We consider the bit-probe complexity of the set membership problem: represent an n-element subset S of an m-element universe as a succinct bit vector so that membership queries of the form "Is x ∈ S" can be answered using at most t probes into the bit vector. Let s(m,n,t) (resp. s_N(m,n,t)) denote the minimum number of bits of storage needed when the probes are adaptive (resp. non-adaptive).

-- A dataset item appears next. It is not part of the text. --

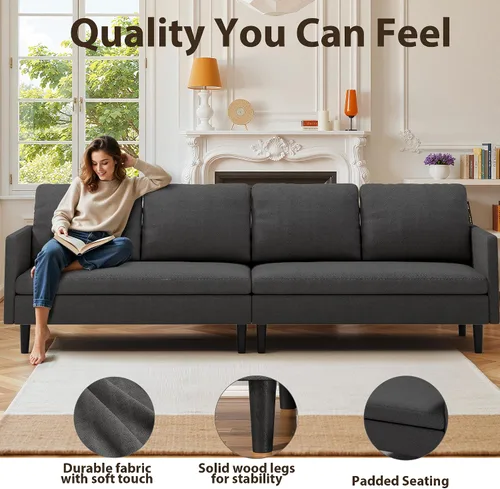 Miniatura 6 de Gizoon Sofá modular modular en forma de L, sofá cama moderno de 4 asientos con módulos desmontables, tela de tela de rizo, 6 patas para sala de Gris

Lewenstein, Munro, Nicholson, and Raman (ESA 2014) obtain fully-explicit schemes that show that
s(m,n,t) = 𝒪((2^t-1)m^{1/(t - min{2⌊log n⌋, n-3/2})}) for n ≥ 2,t ≥ ⌊log n⌋+1 .
In this work, we improve this bound when the probes are allowed to be superlinear in n, i.e., when t ≥ Ω(nlog n), n ≥ 2, we design fully-explicit schemes that show that
s(m,n,t) = 𝒪((2^t-1)m^{1/(t-{n-1}/{2^{t/(2(n-1))}})}),
asymptotically (in the exponent of m) close to the non-explicit upper bound on s(m,n,t) derived by Radhakrishan, Shah, and Shannigrahi (ESA 2010), for constant n.

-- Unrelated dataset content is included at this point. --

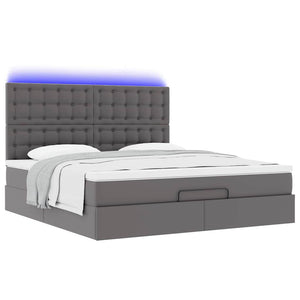 Οθωμανικό κρεβάτι με στρώμα & LEDs Grey 160x200cm Faux Leather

In the non-adaptive setting, it was shown by Garg and Radhakrishnan (STACS 2017) that for a large constant n₀, for n ≥ n₀, s_N(m,n,3) ≥ √{mn}. We improve this result by showing that the same lower bound holds even for storing sets of size 2, i.e., s_N(m,2,3) ≥ Ω(√m).

Palash Dey, Jaikumar Radhakrishnan, and Santhoshini Velusamy. Improved Explicit Data Structures in the Bit-Probe Model Using Error-Correcting Codes. In 45th International Symposium on Mathematical Foundations of Computer Science (MFCS 2020). Leibniz International Proceedings in Informatics (LIPIcs), Volume 170, pp. 28:1-28:12, Schloss Dagstuhl – Leibniz-Zentrum für Informatik (2020)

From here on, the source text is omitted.